EL MEDITERRÁNEO ABSTRACTO DE MIRÓ
De abuela y madre mallorquinas, los veranos de la infancia de Joan Miró no podían ser en otro lugar que no fuese la isla mayor de las Baleares. Una vez casado en 1929 con Pilar Juncosa, su amor mallorquín, las visitas familiares a la isla se hicieron más frecuentes hasta que se instalaron definitivamente en ella en 1956, donde el artista vivió y trabajó hasta su muerte en 1983.
Son Abrines fue el lugar que escogió para su soñado taller, diseñado por su amigo y arquitecto Josep Lluís Sert. El amplio y luminoso espacio de grandes ventanales pronto se quedó pequeño y decidió adquirir también la casa adyacente, Son Boter, que antaño fue un molino y casa rural. Ante su mujer Pilar y su hija María Dolores desfilaron artistas, galeristas y amigos que ocupaban su vida social cuando Miró no andaba enfrascado en alguno de sus proyectos.
Pero el estudio del artista no se limitaba a la casa: abarcaba toda la isla. Desde su casa, cerca de Cala Major, se movía a los campos de almendros y olivos, la escarpada Serra de Tramuntana o las calas rocosas y playas de arenas finas que después plasmaba en el lienzo y que ahora se exponen en la Fundació Miró tanto de la isla como de la capital catalana.

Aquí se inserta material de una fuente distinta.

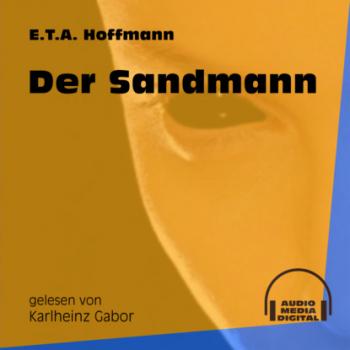 Читать Der Sandmann (Ungekürzt) - Ernst Theodor Amadeus Hoffmann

Muy diferente al pequeño taller que ocupó en la demasiado alborotada Barcelona, lejos de los tonos y luces que él buscaba en sus pinturas, allí se dejó llevar por el expresionismo abstracto más americano con obras como Caricias de luna (1966) y series como Los azul (1961) –tres grandes trípticos que exploran los tonos de azul de cielo y mar mallorquines–, o Personajes y pájaros, de colores vivos y formas simples.